In WT osteoblast cells, we observed intense cortactin staining along the cell membranes (Fig. 4K, arrowheads). Upon TGFβ stimulation, cortactin extended into the cytoplasm and large cell protrusions formed, marked by multiple actin-rich puncta at the cell edges colocalizing with cortactin (Fig. 4K, arrows, yellow staining). In contrast, unstimulated and stimulated mutant osteoblasts displayed perinuclear cortactin accumulation (Fig. 4K, arrowheads), with small, unevenly distributed cortactin-rich puncta in the cytoplasm that did not colocalize with F-actin or localize to the cell membrane (Fig. 4K, arrow). Cell protrusions did not form (Fig. 4K).
To assess cell migration in vivo, we created a 2-mm circular defect in the parietal bone of WT and Sh3Pxd2b^nee−/−^ mice and harvested skulls at 0, 24 and 48 h postoperatively (Fig. 4L). In WT mice, we observed migration of cells into the defect area at 24 and 48 h (Fig. S3, Fig. 4M, left). In Sh3Pxd2b^nee−/−^ mice, cells did not migrate into the defect area (Fig. S3, Fig. 4M, right). The Wnt1-Cre2 transgenic mouse line is used to express Cre recombinase in neural crest cell lineages (Dinsmore et al., 2022). We repeated the experiment in Wnt1-Cre2^+/−^;mT/mG and Wnt1-Cre2^+/−^;mT/mG;Sh3Pxd2b^nee−/−^ mice, confirming that the cells migrating into the defect area in WT mice expressed green fluorescent protein and were thus of neural crest origin.

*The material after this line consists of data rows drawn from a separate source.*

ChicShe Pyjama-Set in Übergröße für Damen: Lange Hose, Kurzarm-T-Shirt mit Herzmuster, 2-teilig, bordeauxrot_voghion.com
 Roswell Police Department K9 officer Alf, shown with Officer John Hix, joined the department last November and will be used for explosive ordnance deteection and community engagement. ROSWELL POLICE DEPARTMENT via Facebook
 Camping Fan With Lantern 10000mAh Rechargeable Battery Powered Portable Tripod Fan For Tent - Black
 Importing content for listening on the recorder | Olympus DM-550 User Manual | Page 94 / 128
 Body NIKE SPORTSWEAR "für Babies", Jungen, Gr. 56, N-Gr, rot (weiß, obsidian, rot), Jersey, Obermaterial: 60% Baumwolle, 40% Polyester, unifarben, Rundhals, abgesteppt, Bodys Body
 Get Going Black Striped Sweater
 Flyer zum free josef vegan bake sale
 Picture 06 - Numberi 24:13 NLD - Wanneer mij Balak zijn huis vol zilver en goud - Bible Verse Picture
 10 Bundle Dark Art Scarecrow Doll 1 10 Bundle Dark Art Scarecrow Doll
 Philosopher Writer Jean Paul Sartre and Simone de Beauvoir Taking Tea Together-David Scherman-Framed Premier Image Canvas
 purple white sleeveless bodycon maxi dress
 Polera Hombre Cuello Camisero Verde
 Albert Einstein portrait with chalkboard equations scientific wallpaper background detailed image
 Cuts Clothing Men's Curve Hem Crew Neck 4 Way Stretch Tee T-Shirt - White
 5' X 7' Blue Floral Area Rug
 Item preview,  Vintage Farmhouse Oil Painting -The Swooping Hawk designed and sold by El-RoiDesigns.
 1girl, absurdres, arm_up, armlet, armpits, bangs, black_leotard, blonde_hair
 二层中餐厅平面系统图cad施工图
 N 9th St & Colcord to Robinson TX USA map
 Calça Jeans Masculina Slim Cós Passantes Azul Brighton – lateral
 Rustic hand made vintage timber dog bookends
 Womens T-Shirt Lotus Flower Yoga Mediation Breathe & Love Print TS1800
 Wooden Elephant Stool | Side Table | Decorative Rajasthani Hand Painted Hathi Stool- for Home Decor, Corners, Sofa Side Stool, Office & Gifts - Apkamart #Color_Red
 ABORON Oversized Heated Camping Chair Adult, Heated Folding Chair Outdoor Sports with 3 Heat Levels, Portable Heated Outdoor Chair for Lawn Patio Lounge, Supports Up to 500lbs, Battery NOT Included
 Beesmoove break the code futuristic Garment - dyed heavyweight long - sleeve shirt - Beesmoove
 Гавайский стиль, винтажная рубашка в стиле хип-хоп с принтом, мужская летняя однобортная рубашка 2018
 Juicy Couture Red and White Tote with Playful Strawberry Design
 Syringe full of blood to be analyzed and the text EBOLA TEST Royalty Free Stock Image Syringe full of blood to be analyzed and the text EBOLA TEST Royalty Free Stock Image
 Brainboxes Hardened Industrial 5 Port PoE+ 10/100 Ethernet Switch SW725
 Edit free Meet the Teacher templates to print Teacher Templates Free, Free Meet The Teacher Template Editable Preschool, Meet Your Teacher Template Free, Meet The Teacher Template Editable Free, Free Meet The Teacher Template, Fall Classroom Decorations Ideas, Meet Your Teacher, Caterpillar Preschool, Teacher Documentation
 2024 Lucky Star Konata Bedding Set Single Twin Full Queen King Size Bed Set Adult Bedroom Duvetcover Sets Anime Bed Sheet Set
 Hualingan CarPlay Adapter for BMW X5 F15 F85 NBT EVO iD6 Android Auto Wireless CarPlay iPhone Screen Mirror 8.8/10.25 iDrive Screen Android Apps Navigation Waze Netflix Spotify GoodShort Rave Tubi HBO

Conversely, migration into the defect area did not occur in Wnt1-Cre2^+/−^;mT/mG;Sh3Pxd2b^nee−/−^ mice (Fig. 4N).
The above data reveal decreased and spatially altered proliferative and decreased migratory activity in Sh3Pxd2b^nee−/−^ mice, which is more pronounced in cells and tissues of neural crest origin. Additionally, mutant dura mater cells and osteoblasts form fewer and structurally aberrant podosomes necessary for cell migration, compared to WT cells, thus confirming the findings of previous studies establishing the role of TKS4 in podosome formation (Bögel et al., 2012; Buschman et al., 2009; Courtneidge, 2012; Iqbal et al., 2010; Kudlik et al., 2020; Massadeh et al., 2022).
Migration and podosome formation in neural crest-derived cells and tissues from Sh3Pxd2bnee−/− mice is impaired
To gain insights into the role of TKS4 in cranial neural crest cells (NCCs), we isolated the neural plate (NP) from E9.5 mouse embryos to assess TKS4 expression and migratory potential. The presence of migratory NCCs was confirmed by immunofluorescence staining for SOX10 (Trainor, 2010) (Fig. 5A, Fig. S2A). TKS4 expression was unaffected in the NP of WT and Sh3Pxd2b^nee−/−^ mice in vivo (Fig. 5B, Fig. S2A). Proliferation was generally decreased in the NP of mutant mice compared to WT mice. Interestingly, proliferation was more enhanced in the outer layer and focally present in the sub-layers of the NP of mutant mice, possibly indicating the presence of subpopulations of proliferative cells specific to the Sh3Pxd2b^nee−/−^ mouse (Fig. 5C, Fig. S2A). No differences in apoptotic activity were observed in the NP of WT and mutant mice (Fig. 5D, Fig. S2A).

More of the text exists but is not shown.